In January alone, three cases surfaced. German billionaire investor Adolf Merckle, who lost a fortune in shorted Volkswagen stock, threw himself under a commuter train. Patrick Rocca, an Irish property investor who lost millions when the real estate market bottomed out, waited until his wife took their children to school before he shot himself in the head. Outside Chicago, real estate mogul Steven L. Good was found dead in his Jaguar, apparently from a self-inflicted gunshot wound.
“Suicide does not discriminate on the basis of social status,” said psychologist Alden Cass, who treats financial traders. “The ego of the successful person … is not used to failure, not used to being wrong. They’re perfectionists. They don’t allow for the gray in life. They don’t allow for second place. When that is taken away, they’re stripped of everything they know.”

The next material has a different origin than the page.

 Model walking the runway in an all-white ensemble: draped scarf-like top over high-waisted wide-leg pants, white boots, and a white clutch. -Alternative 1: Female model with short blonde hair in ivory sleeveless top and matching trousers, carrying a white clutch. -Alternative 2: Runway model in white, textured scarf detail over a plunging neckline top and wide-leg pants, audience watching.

Three days before Christmas, after writing his farewell notes, Rene-Thierry Magon de la Villehuchet killed himself in his 22nd-floor office in Midtown. He’d lost his entire savings, and his clients’ money, to Madoff’s alleged Ponzi scheme, which may have swallowed $50 billion from investments made by the very rich and the pension plans of everyday people.
The 65-year-old Frenchman, an aristocrat and professional investor, was deeply shamed and depressed, friends and family said. He felt he had ruined the lives of his clients, many of whom were friends. His brother, Bertrand, called his brother’s suicide an honorable act. “At first he thought he’d be able to get the money back,” Bertrand said in a Paris phone interview with the Associated Press after his brother’s death. “Gradually he realized he wouldn’t be able to. He trusted Madoff completely.”
The black dog of depression gnaws at these men. “They see no answers,” said Cass. “There is no hope. There is no way out.”
Running and hiding is an entirely different reaction. Those who fake their deaths are “people with sociopathic and narcissistic tendencies,” Cass says. “They believe they’re smarter than everyone else. They think they’re untouchable. They don’t believe they have to abide by the rules.”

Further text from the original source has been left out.